Eine Frau klagte ihr entsetzliches Ungemach mangels anderer Alternativen einer überlebensgrossen Marmorstatue inmitten der Stadt. Bald kugelten riesige, schwere Tränen wie Lawinen aus den Augen des mächtigen Titanen. Und just eine davon erschlug die Frau und erlöste sie von ihrem Leid.
Welch wundersame Poesie eines einsamen Todes!


Fragment # 05

Eine beinamputierte Gärtnerin erschlug ihre Schwester und pfopfte deren noch warmes, vom leblosen Körper abgeschnittene Bein fachgerecht an ihren Stumpf. Und siehe da, es wuchs klaglos an und alsbald konnte niemand mehr ihren Trick erkennen.
Es sind immer wieder die kleinen, nahezu unbedeutend scheinenden Dinge des Lebens, die es so wunderbar lebenswert machen.


Fragment # 06

Ein Mann trennte sich im Streit von seinem Schatten, der sodann seine eigene Wege ging, dabei aber leider auf die schiefe Bahn geriet.
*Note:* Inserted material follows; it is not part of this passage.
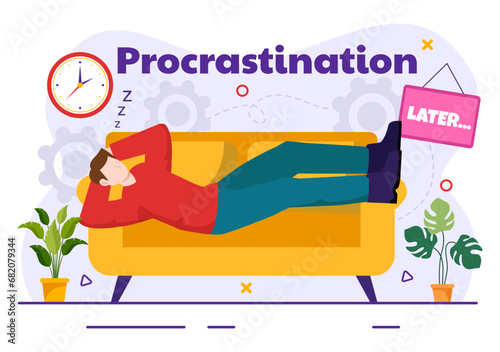 Procrastination Vector Illustration with Procrastinating Lazy Businessman Employees work of office worker in Flat Business Cartoon Background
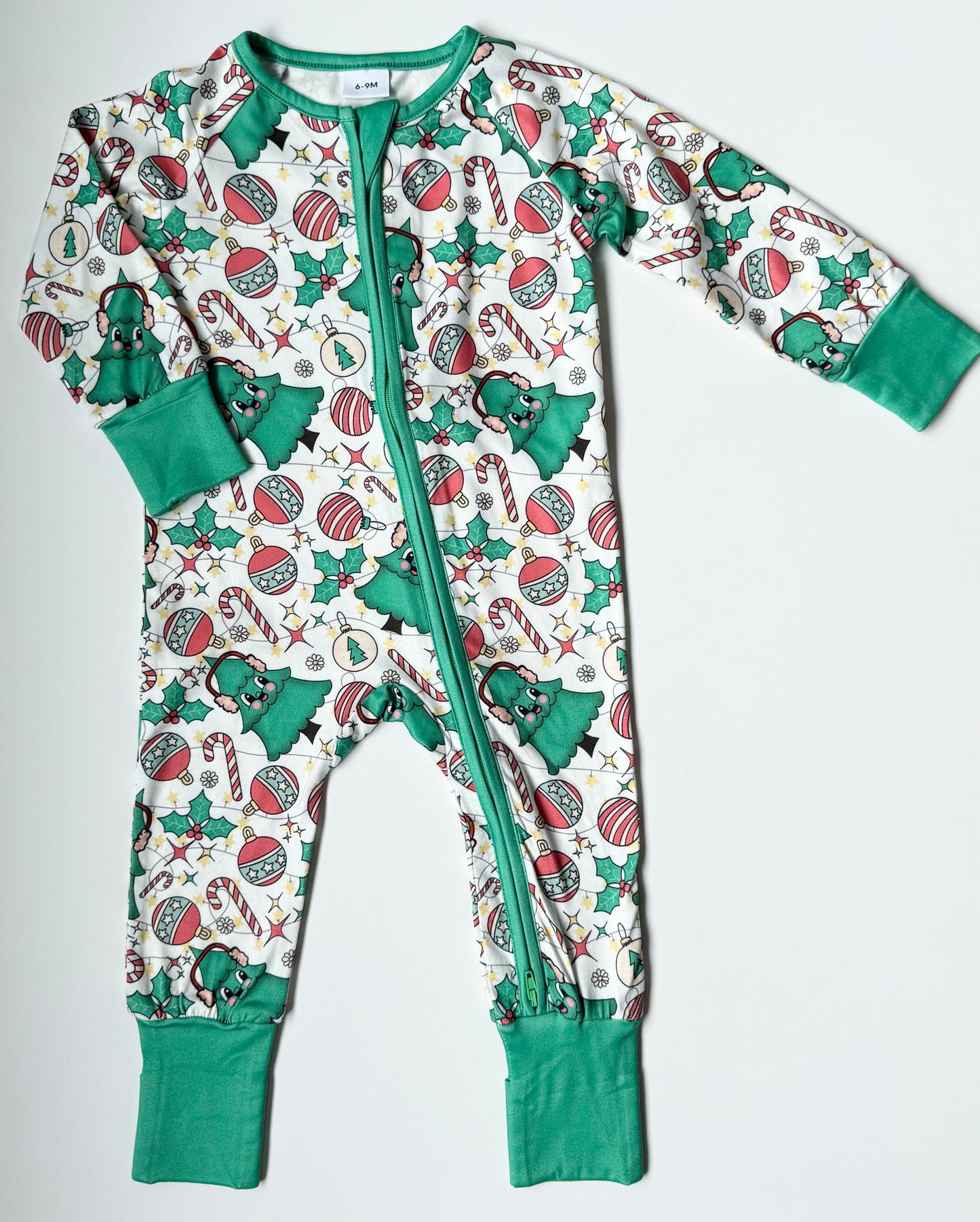 Green Christmas Trinkets Sleeper Romper (6-9 Months)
Über kurz oder lang wurde er zum Tode verurteilt. Und, wie vom Pöbel gefordert, der schuldlose Mann mit ihm.
Der Schatten entkam unbemerkt im Dunkel der Nacht und so wurde der Delinquent nun schattenlos gehängt.
So findet das Dunkle immer einen Ausweg, so ganz ohne störende Moral.


Fragment # 07

Ich sagte blau zu rot und wurde dafür öffentlich gehängt. Der nächste Proband hielt das dottergelb für ein sattes grün und bekam dafür das Königreich wie auch die bildschöne Prinzessin obendrauf.
Was soll man dazu sagen?
Ich jedenfalls habe beschlossen, das nächste Mal mehr Glück zu haben.
 

hein

Mitglied
Von Fragment # 7 fühlte ich mich persönlich angesprochen:
ich habe eine sogenannte Rot/Grün-Schwäche, was manchmal zu Irritationen führt.

Ich wurde deswegen zwar bisher nicht gehängt, aber doch öfter mal belächelt.